The audience was a mix of backgrounds (space planners, engineers, in house facilities and software developers/service providers) and experiences (for-profit, institutions/not for profit, educational and government).
The first question was a good one... each panelist was asked to give their top two items, the two things they believe played vital parts in successful implementations. I've got 6 items here instead of 10 because everyone agreed on the same subjects.
1. Buy-in from all players (at least those who could affect things)
2. Breaking down/phasing implementation to manageable bites so you're not overwhelmed
3. Consistency (having trustworthy information)
4. Education and Training
5. Have goals and objectives laid out up front to prevent rework or unneccessary efforts
6. Resources (I believe this meant competent people in-house who could keep things going)
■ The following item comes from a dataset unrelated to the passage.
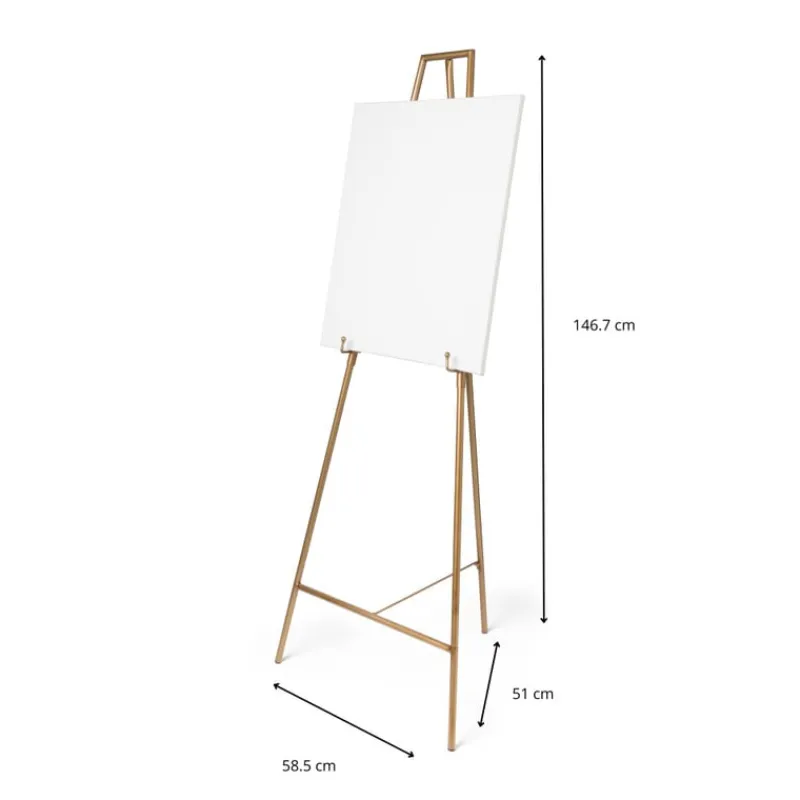 Xenos Schildersezels|Bruiloft-Schildersezel voor welkomstbord - goud - 146.7 cm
"software, implementation, upkeep" <- key points
I haven't credited the originators of the previous or following answers and I apologize, but, things moved fast enough that would have been difficult to keep up with the conversation, and I had a really small piece of paper on which to take notes.
First Step is defining your final needs
New technologies are a mental catalyst for employees
You don't know what you don't know (see previous statement)
Manage expectations to avoid unreasonable disappointments
Make the CAFM System central to your processes to avoid forgetting about it or taking it for granted
Add 'Data Management' (upkeep) to someone's job description
The software is only 20% of the success factor, the rest is processes and implementers
Keep up with training
There needs to be someone in-house with the skillset to manage the system and take personal responsibility/ownership once it is set up
Quantify the benefits (roi? continuing justification for participation/compliance?)
CAFM is undergoing a change in awareness these days. People are realizing how important proper management of an operating facility is. Years ago, noone talked about CAD Standards... it wasn't needed, files weren't being shared, consistency/continuity worked differently before.
Some steps to implementation:
Discovery/data gathering/cleanup/a pilot/implementation/training/turnover
How long might discovery take? A couple/few weeks to go onsite and interview/assess resources, hammer down goals/expectations/deliver proposal
Ah, yes... there were two perspectives present at the talk...
the CAFM consultants... referring to the deep and mysterious processes of implementation... and the 'starry-eyed technologist point of view' (Steve Segarra's words, but, I liked them) that sees nothing but good things with the current resources.
The most important thing is to discuss things with your peers... your questions are not going to be unique, don't reinvent the wheel.
This year at AU, there were 11 FM specific courses with a 71% signup increase over last year. More than 500 individuals registered for the various courses (which I'll speak more about when I've got more time to write).
I've heard through the grapevine ~shifty eyes~ that if there are enough good course proposals, that next year there could be a full Facilities Management Track (16 courses). I've got my fingers crossed.
There ya go, Brian, that's what you get for challenging me. ;)
Edit: I have edited this post since I got home, adding the photo the panelists were kind enough to pose for prior to the class session, as well as hyperlinks to assist readers in finding out more about the consultants who shared the preceding information.
I really did enjoy the company of all of the FM people that I met throughout the week. Not only were they experienced and brilliant, but, they were also all really nice. I'm still young, I'm always curious, and I'm sure I ask stupid questions sometimes, but, someone (whether Autodesk employee or fellow FM'ers), was always kind enough to share their thoughts with me. I also note that we just had A LOT of fun throughout the week. We're all excited about what we do and where we see our industry going, and it's fantastic to get a chance to hang out with like-minded individuals.
My public thanks to everyone I met this past week, you made my Autodesk University experience this year SO valuable and personally enjoyable.